Democrats moved most of Johnson’s current territory into the 15th district and switched around parts of Champaign so that Rep. John Shimkus (R) could run in the 15th instead.

Johnson immediately accepted his fate and rented an apartment in the middle of the new district. He didn’t even sign on to the GOP lawsuit.

Democrats have not fielded a Congressional candidate in this territory for several cycles, so the bench here is relatively green to national politics. There will probably be a primary, too. Hoffman’s decision to switch to the 13th likely will affect the rest of the field. Green County State’s Attorney Matt Goetten also says he’s interested.

14th district

Member-vs.-Member Race

Rating: Likely Republican

This primary could be one of the most sensational races of the cycle. The two Republican freshmen running here, Joe Walsh and Randy Hultgren, have antithetical personalities, and Walsh is notoriously unpredictable.
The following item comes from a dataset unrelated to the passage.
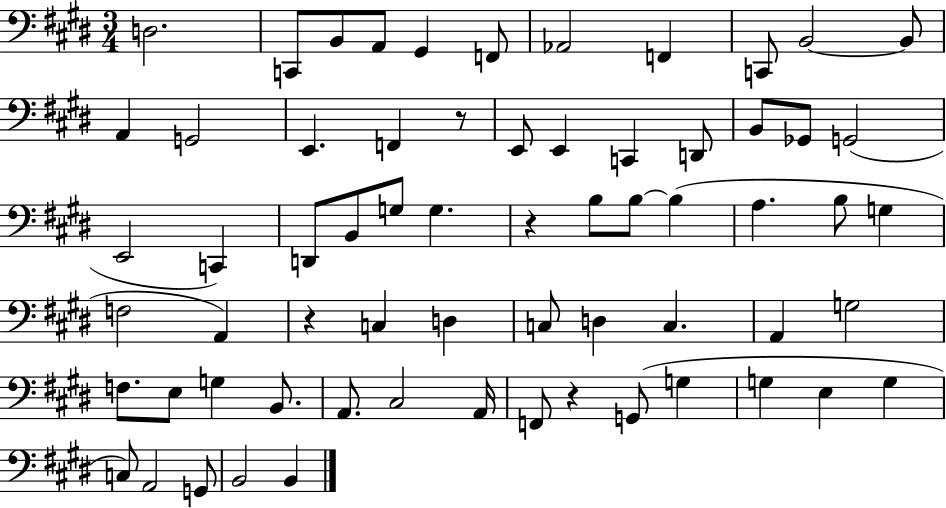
D3/h. C2/e B2/e A2/e G#2/q F2/e Ab2/h F2/q C2/e B2/h B2/e A2/q G2/h E2/q. F2/q R/e E2/e E2/q C2/q D2/e B2/e Gb2/e G2/h E2/h C2/q D2/e B2/e G3/e G3/q. R/q B3/e B3/e B3/q A3/q. B3/e G3/q F3/h A2/q R/q C3/q D3/q C3/e D3/q C3/q. A2/q G3/h F3/e. E3/e G3/q B2/e. A2/e. C#3/h A2/s F2/e R/q G2/e G3/q G3/q E3/q G3/q C3/e A2/h G2/e B2/h B2/q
No one gave him a chance last November, but he defeated former Rep. Melissa Bean (D) by less than 300 votes. Since coming to Congress, Walsh has made a name for himself on cable news as a sharp critic of the president. His local headlines have been less flattering: The Chicago Sun-Times reported that court documents show Walsh could owe more than $100,000 in child support back payments.

Hultgren, who defeated Foster last year, keeps a much lower profile. A longtime state lawmaker, Hultgren defeated former Speaker Dennis Hastert’s son to win the GOP nomination in 2010.

Hultgren has a slight upper hand here because he’s represented about 40 percent of the district. Walsh has only represented about 30 percent.

But Walsh has been underestimated before. There’s no telling what kind of campaign he’ll run now that he’s a Member with resources.

15th district

Incumbent: John Shimkus (R)

8th term (71 percent)

Rating: Safe Republican

Shimkus is one of the luckiest Republicans in the delegation and will seek re-election in a safer Republican district than his current one. He has a great deal of new territory, but it’s all rich with Republican voters.

16th district

Member-vs.-Member Race

Rating: Likely Republican

This district will likely feature a brutal GOP primary that highlights the generational divide between Illinois Republicans.

Ten-term Rep. Don Manzullo, 67, and freshman Rep. Adam Kinzinger, 33, are expected to face off. Although neither Republican has made a formal announcement, Manzullo lives in this district and Kinzinger already started circulating petitions to run here.

Earlier this year, Republicans believed that Manzullo might retire. But sources say Manzullo turned a corner late this summer and is gearing up for another campaign.

Kinzinger lives in the redrawn 2nd, but his current district was split into three different House districts. The majority of his current territory now lies in the 16th district.

Democrats removed populous Rockford in the redraw, and as a result, the seat will most likely stay in GOP hands.

Democrats could make this seat competitive if the primary gets ugly, but without a candidate and with so many other competitive contests in the state, Democrats would be wise to put their money elsewhere.

17th district

Incumbent: Bobby Schilling (R)

1st term (53 percent)

Rating: Leans Democratic

Schilling’s bid for a second term is going to be much harder than his first attempt.

The current 17th earned the nickname “Rabbit on Skateboard” for its odd and obviously gerrymandered shape. The lines around the redrawn 17th are much cleaner, effectively moving the district into the northwest corner of the state. It also is more favorable to Democrats, and candidates are lining up to run against Schilling. State Sen. Dave Koehler, Freeport Mayor George Gaulrapp and East Moline Alderman Cheri Bustos are already in the crowded Democratic primary. Whoever wins the nomination will have an advantage over Schilling in the general election.

18th district

Incumbent: Aaron Schock (R)

2nd term (69 percent)

Rating: Safe Republican

Democrats went relatively easy on Schock by packing Republicans into this redrawn district.

Why did Democrats spare an up-and-comer like Schock? Some Republicans speculate it’s because they want Schock to stay in the House instead of challenging Sen. Dick Durbin (D) in 2014. But given the make-up of this new district, almost any Republican could hold on to this seat until the next redraw.